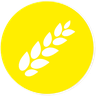 Gluten Gluten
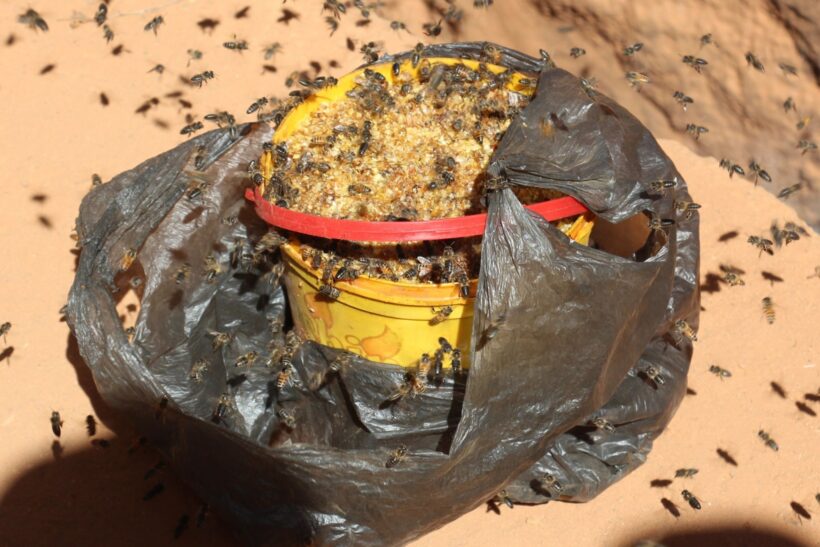 Ripa Hcd Beekeeping Callout 3X2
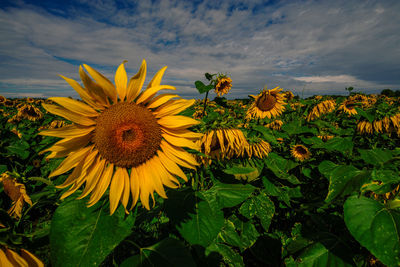 Close-up of sunflowers blooming on field against sky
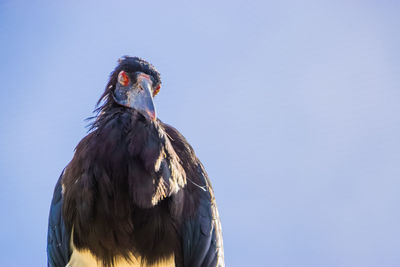 Low angle view of eagle against sky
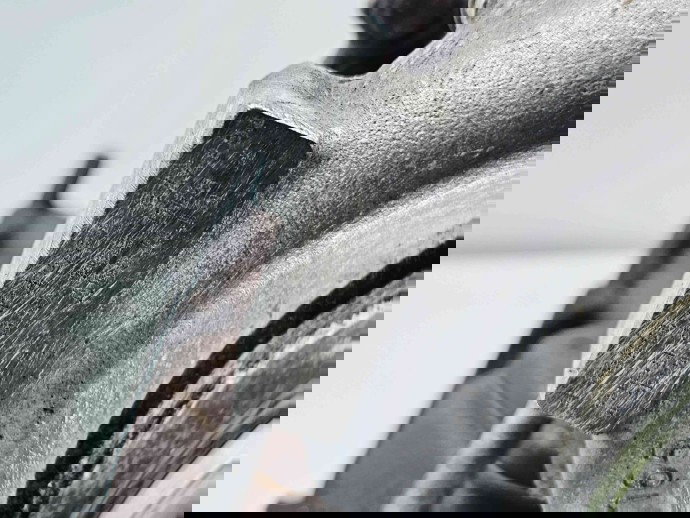 Turbina  Bmw 5 (E60) [Fabr 2004-2010] 7800594C 2.0 N47D 105KW / 143CP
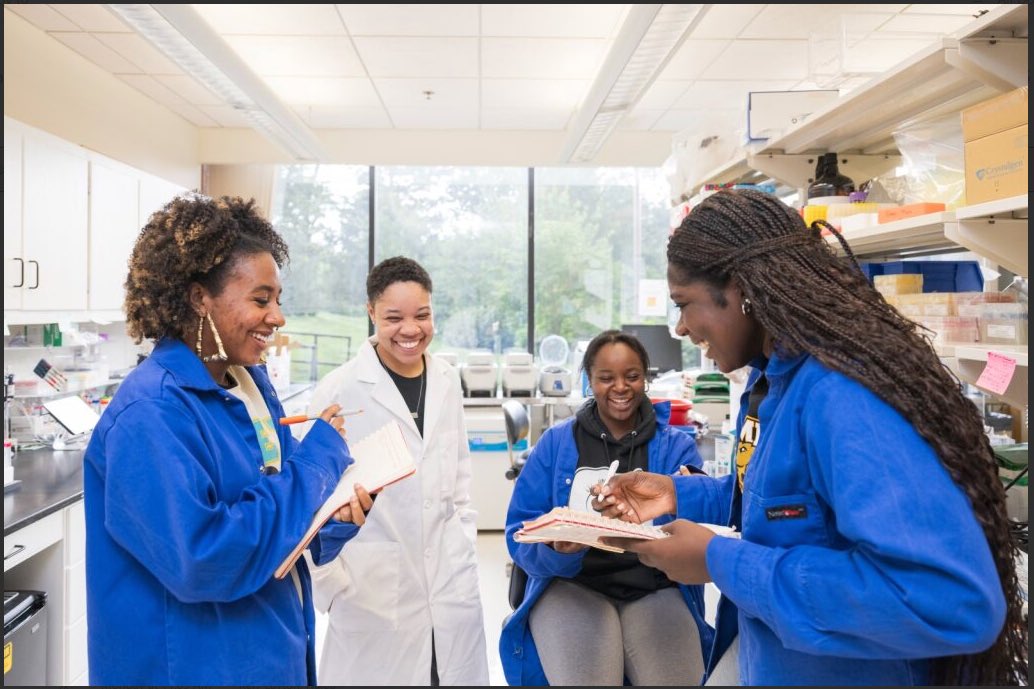 Dr. Brea A. Manuel, PhD tweet media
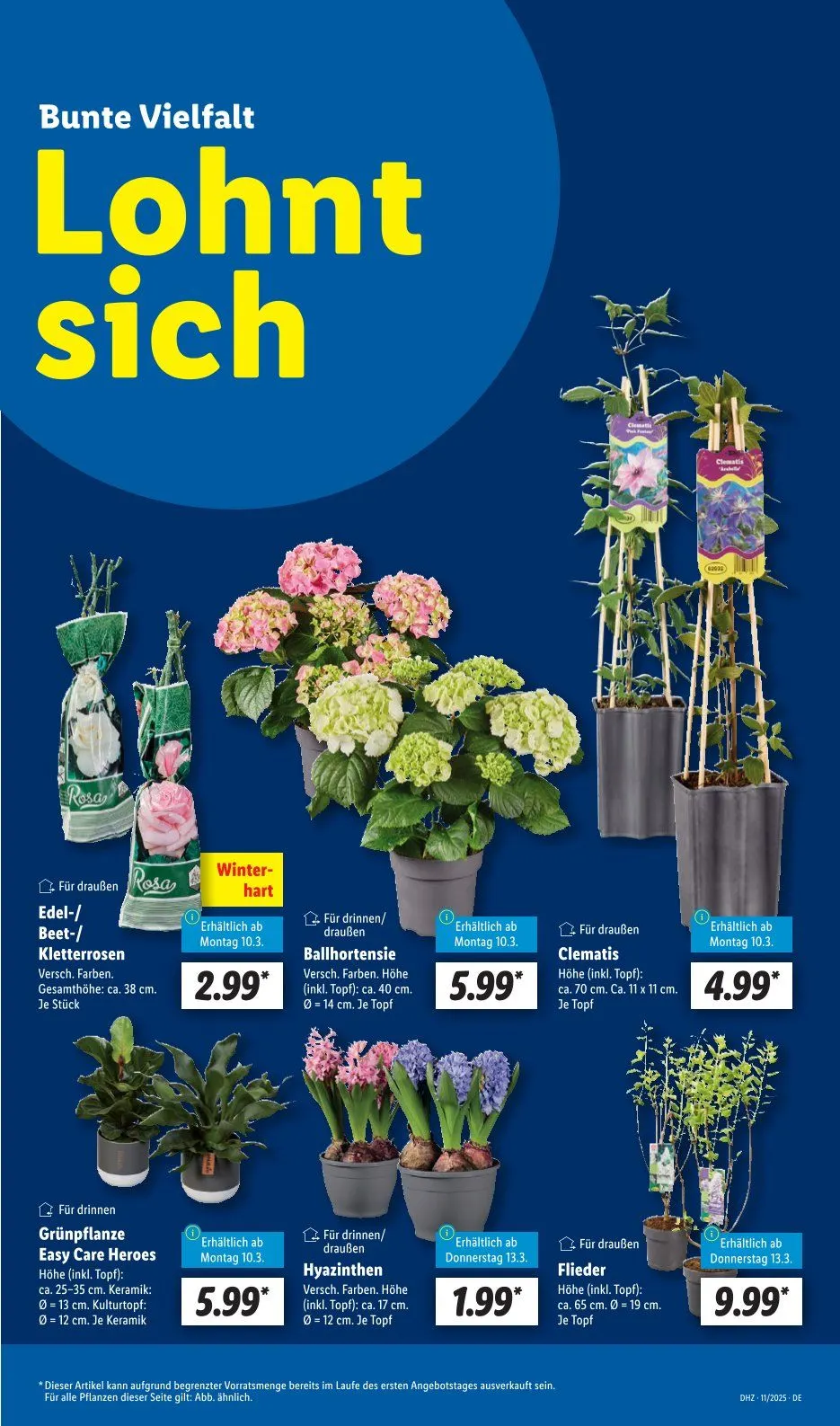 Lidl Prospekt von 10. März bis 15. März 2025 - Prospekt seite 11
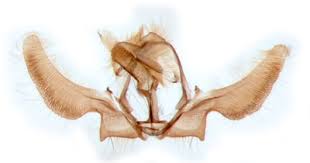 Attēlu rezultāti vaicājumam “Ancylis apicella”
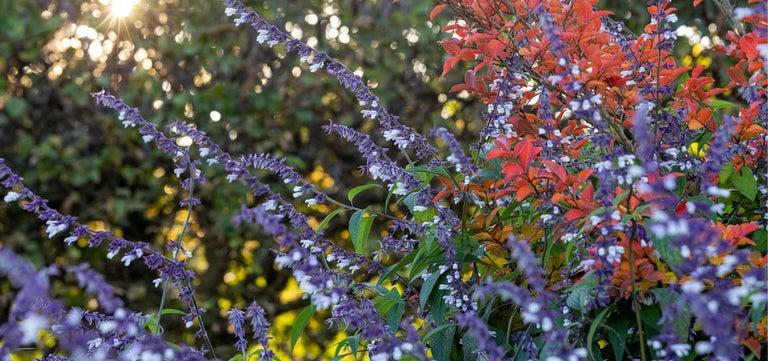10 award-winning late-flowering perennials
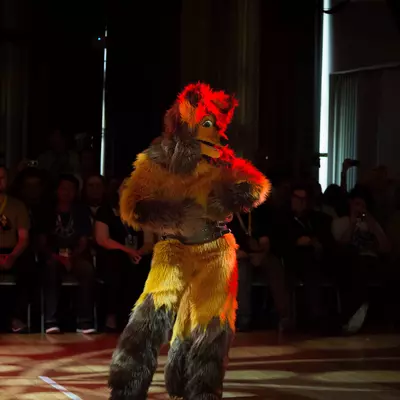 3B9C0160.jpg of cons/Eurofurence-20/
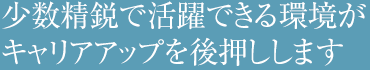 少数精鋭で活躍できる環境がキャリアアップを後押しします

• _WHAT IS REQUIRED_
In the listing above, find the line containing "Ripa Hcd Beekeeping Callout 3X2" and restate it and every later line verbatim, with the pictures left out.

• _RESULT FOR THIS EXERCISE_
 Ripa Hcd Beekeeping Callout 3X2
 Close-up of sunflowers blooming on field against sky
 Low angle view of eagle against sky
 Turbina  Bmw 5 (E60) [Fabr 2004-2010] 7800594C 2.0 N47D 105KW / 143CP
 Dr. Brea A. Manuel, PhD tweet media
 Lidl Prospekt von 10. März bis 15. März 2025 - Prospekt seite 11
 Attēlu rezultāti vaicājumam “Ancylis apicella”
10 award-winning late-flowering perennials
 3B9C0160.jpg of cons/Eurofurence-20/
 少数精鋭で活躍できる環境がキャリアアップを後押しします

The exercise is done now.